Hinzu kam durch den Ausbau der Pythagoräischen Zahlenlehre die Entdeckung
der wechselseitigen Entsprechung von Intervallen und Zahlen. Bis zum Mittelalter
hatten diese geometrischen Elemente hohe symbolische Bedeutung erlangt: Der
Kreis steht u. a. für himmlische bzw. göttliche Einheit. Das Gleichseitige Dreieck
verkörpert die Trinität auf verschiedenen Ebenen, z. B. in ihrer Einheit und der
Gleichheit der drei Personen Vater, Mutter, Sohn, die allumfassende Gottheit, die
dreifältige Natur des Universums, Himmel, Erde, Mensch oder der Mensch
als Körper, Seele und Geist.
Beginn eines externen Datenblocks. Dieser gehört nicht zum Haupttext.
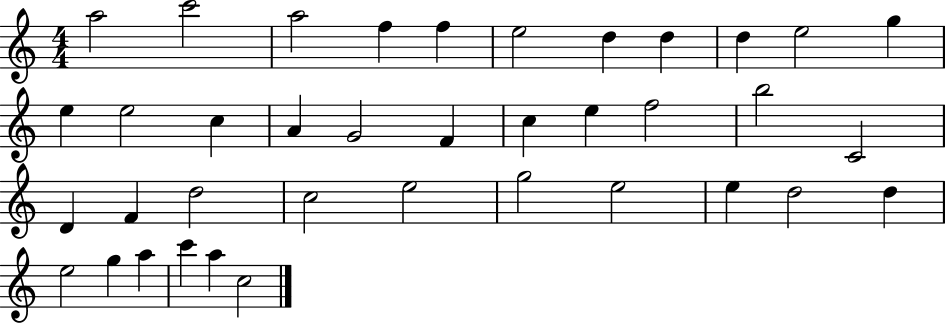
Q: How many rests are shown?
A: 0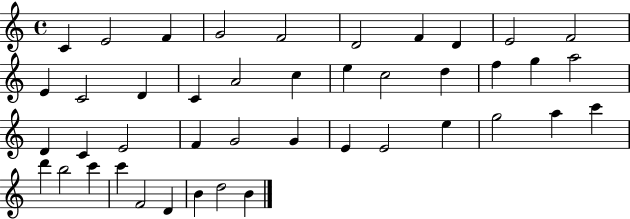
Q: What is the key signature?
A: C major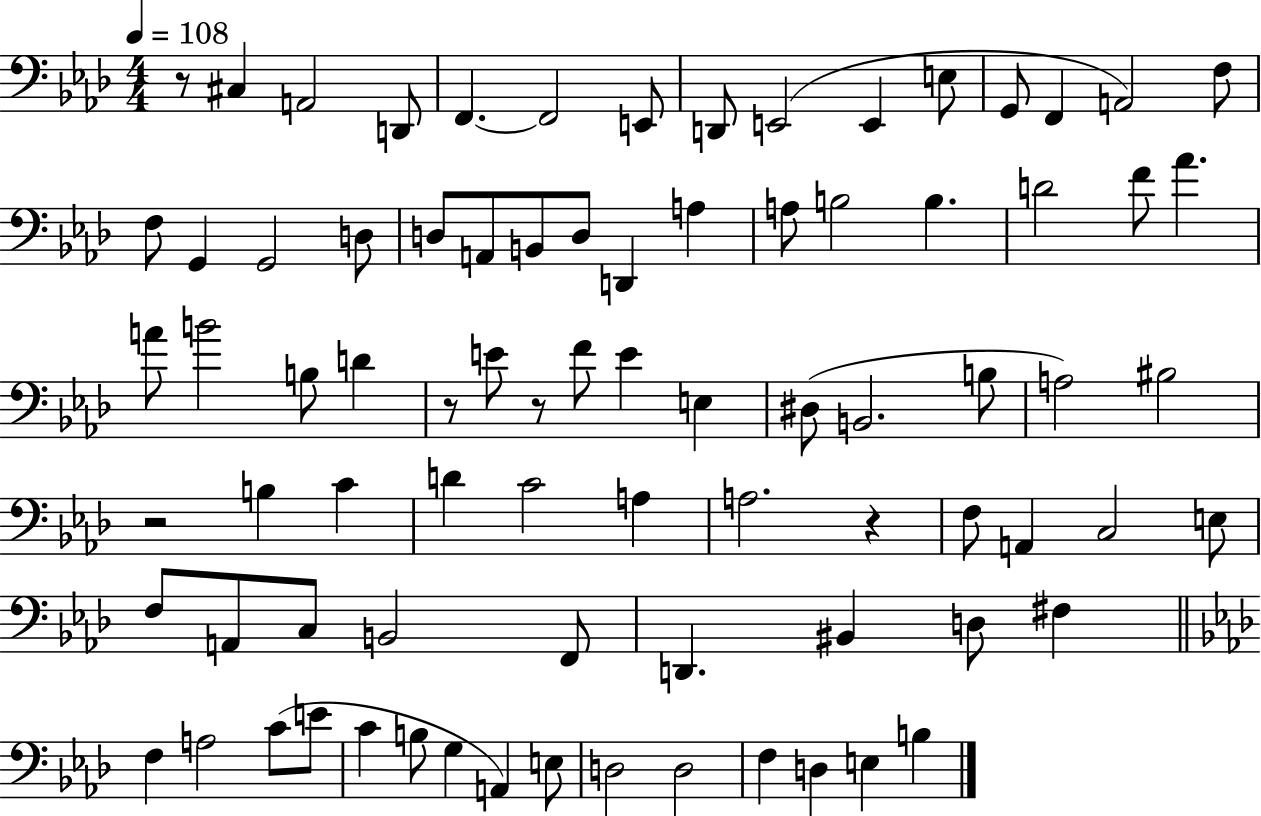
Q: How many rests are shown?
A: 5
Die Symbolik des Quadrats bedeutet: Die Erde, im
Gegensatz zum Kreis für Himmel. Das Hexagramm, das doppelte Dreieck, der
Davidstern weist darauf hin, dass jede wahrhafte Analogie umgekehrt angewandt
werden muss, wie oben, so unten; es ist die Vereinigung der Gegensätze männ­
lich und weiblich, positiv und negativ; für das Christentum bedeutet es: die Voll
kommenheit; die Vollendung; die sechs Tage der Schöpfung."

Der Goldene Schnitt im Geigenbau, Wolfgang Schiele


Rekonstruktion eines Geigenkörpers nach Wolfgang Schiele

Diese Erklärung, basierend auf Überlieferung, könnte erklären, weshalb moderne Geigen nicht mehr dem Goldenen Schnitt entsprechen. Die Proportionslehre wurde im Laufe der Zeit einfach vergessen. Die Geige könnte in früherer Zeit als Sinnbild der Verbindung von Kosmos und Mensch gegolten haben. Das Bindeglied war die pythagoreische Harmonienlehre.